Think of what Blanco was, to start. He was a non-roster minor league free agent, just like Kameron Loe, Scott Proctor, Brad Eldred, and dozens and dozens and dozens of other players you don’t remember. If these players are lucky, they’ll have a couple moments that we weren’t expecting, like Brandon Hicks or Gorkys Hernandez, and you’ll actually remember them.

Blanco played in over 600 games.

More than that, though, he filled in for a starting position player on a championship team not once, but twice. In 2012, Melky Cabrera was suspended in August, too late for the Giants to address the problem with a significant trade. Blanco started down the stretch, posted a .343 OBP with solid left field defense, and was an unmistakeable asset. In 2014, Angel Pagan went down to a season-ending injury, and Blanco hit .284/.354/.517 in his remaining 31 starts, even as some folks were actively begging for Gary Brown.

His final tally: 7.6 wins above replacement over five seasons. If you prorate that for 650 plate appearances, it’s about two wins per season. Which is to say, he played like a reasonable starter whenever he got playing time. So please don’t take this as a missive that Blanco was secretly great, and you’re a baseball nincompoop if you disagree. No, he was fine. Frustrating at times. Extremely prone to slumps. But he filled in much, much better than your typical random fourth or fifth outfielder, and it was easy to take him for granted.
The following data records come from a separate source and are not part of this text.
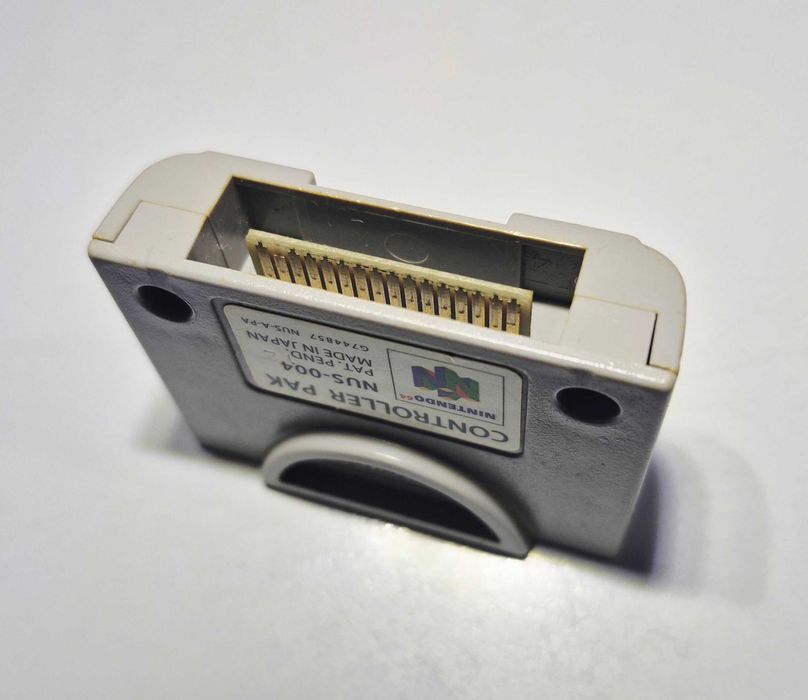 Rumble Pak (NUS-013) + Controller Pak (NUS-004)
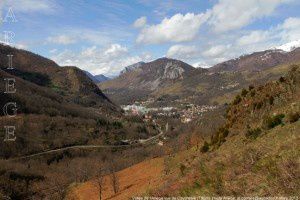 Vallée de l'Ariège vue de Caychesis (790m)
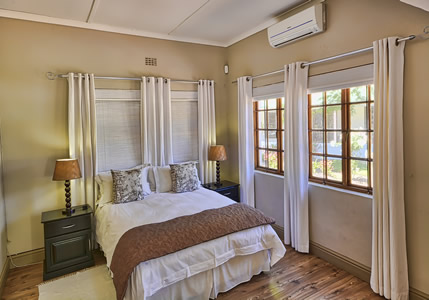 Pinotage Guest Cottage - St Croix Estate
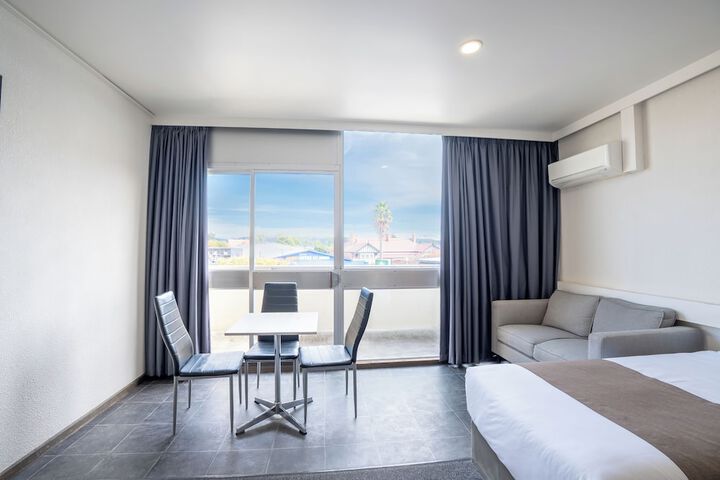 Room 34 of 100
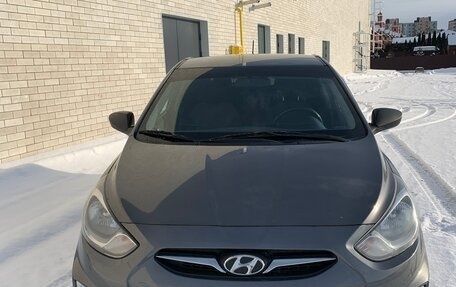 Hyundai Solaris II рестайлинг, 2013 год, 550 000 рублей, 9 фотография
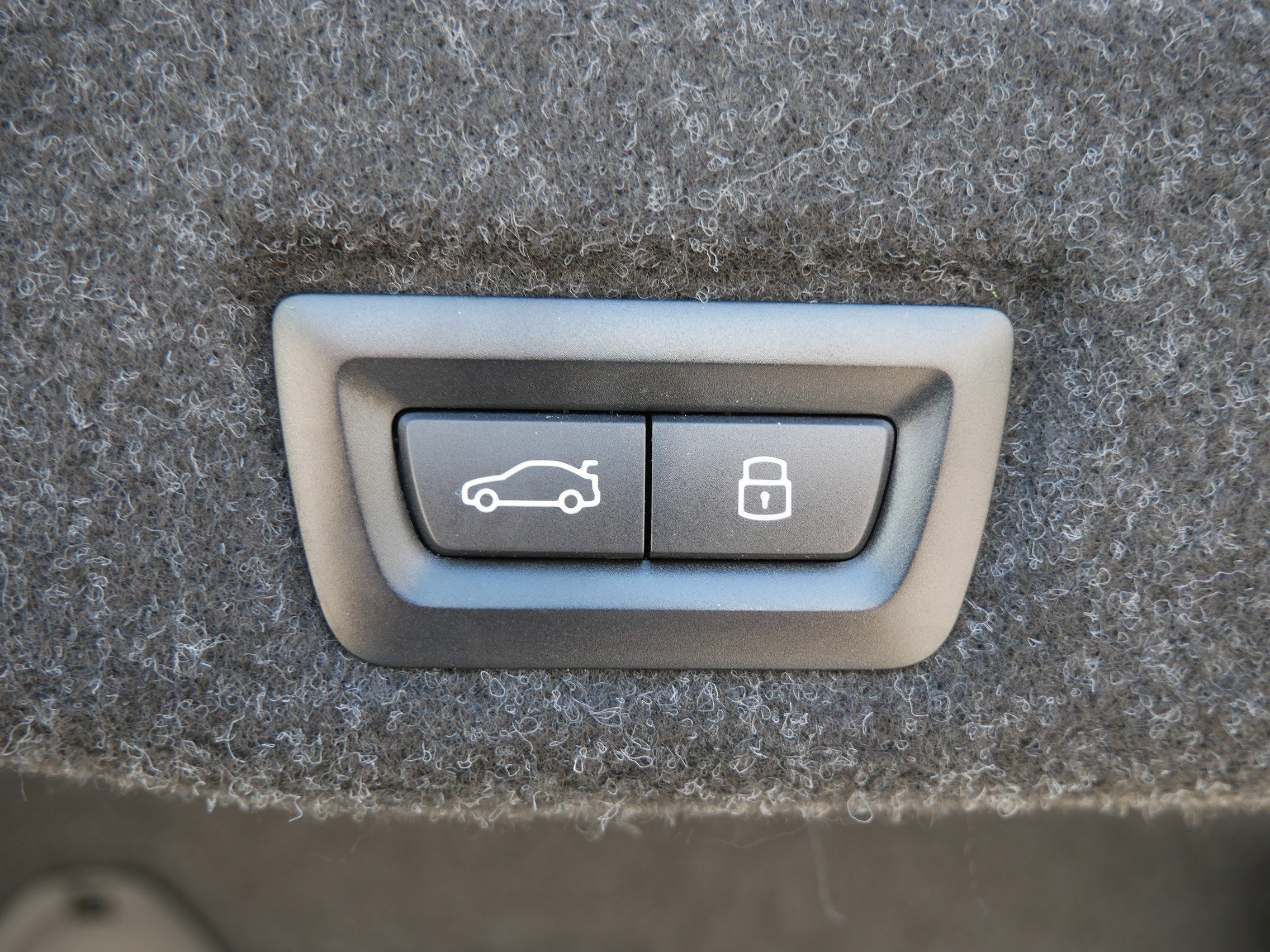 Used 2024 BMW i5 eDrive40i w/ Premium Package image 33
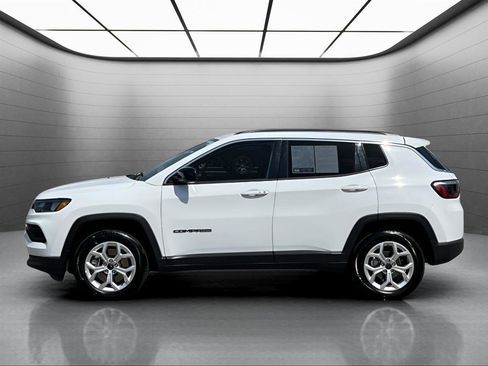 Used 2025 Jeep Compass Latitude w/ Sun & Sound Group image 11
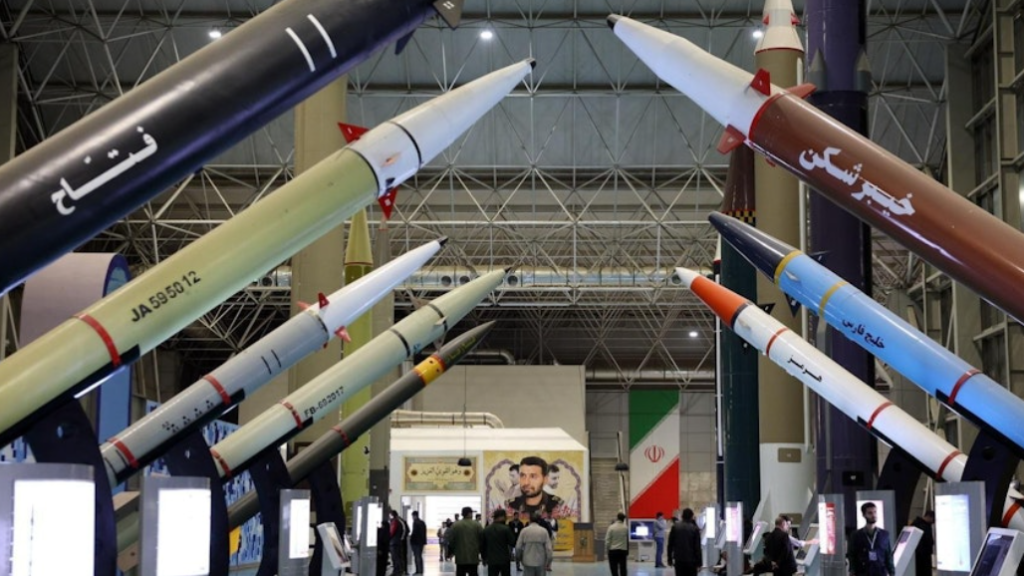 آپریشن ‘وعدہ صادق 4’: ایرانی پاسدارانِ انقلاب کے اسرائیل اور امریکی اڈوں پر بڑے میزائل حملے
Blanco isn’t the litmus test of true Giants fandom, no. He’s the litmus test for just how spoiled a Giants fan can be. He was a minor league free agent who succeeded in a way that few minor league free agents ever will for the Giants again. He was an extra outfielder who was called on twice as an emergency late-season replacement for a starting outfielder, and the Giants won the World Series both times.
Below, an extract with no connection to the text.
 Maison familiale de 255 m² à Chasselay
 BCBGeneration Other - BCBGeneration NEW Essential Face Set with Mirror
That’s not the kind of player Giants fans are used to. These aren’t the stories we remember from the teams from the ‘70s, ‘80s, or even ‘90s, the random drifter who came in and played for five seasons, helping the Giants win more than they had a right to expect. Other teams got players like this. The Giants never did. Pick a random team.

2001 Giants!

Thanks, person from the studio audience! Let’s see, that team had Jalal Leach, who got 10 at-bats. It also had Felipe Crespo, who was Blanco-like for exactly one season, but it was the year before.

2008 Giants!

Jose Castillo was a starter. That sure was something. Scott McClain hit a couple dingers, I guess. It doesn’t matter which team you pick, though. If they got a good, solid season from a minor league free agent, it was a ludicrous streak of good fortune. And those never happened for the the Giants.

Then Blanco came along and had four solid seasons as a quasi-starter, his OPS+ rose in every season, peaking at 115 (.291/.368/.413 in 2015, which is basically Ichiro’s career line, he said, half-serious). Again, he was bad in 2016. Hurt, sure. But mostly bad.

If Giants fans can’t appreciate the unlikely success of the seasons before that, though, I would at least hope they were newer fans. Because that would make sense. On the surface, he’s unremarkable, and he’s not exactly a power bat or .350 hitter. And he would sure do some dumb stuff from time to time! If you haven’t been watching baseball for a while, he would be a player who was easy to poke at.

If you’ve been watching the Giants for years and years, though, you aren’t going to remember too many players like this. He was found money, a raffle ticket that hit. The Giants will sign a dozen minor league free agents or more this winter. If any of them do half as much for the franchise as Blanco did, they’ll have exceeded expectations wildly.

A great Giant? An All-Star? Someone who’s name is worth getting on the back of your jersey? We don’t need to go overboard. Blanco was someone without expectations. Then he had expectations thrust in front of him, sometimes at the cruelest possible moments. Then he exceeded them over and over again.

Along the way, the Giants won two championships. It wasn’t a coincidence, either. It was probably time to part ways, considering the younger outfielders in the system. That doesn’t mean we can’t appreciate Blanco for what he was: A random minor league free agent who stuck around for five years and did way, way, way more than we had a right to expect. He’ll be missed.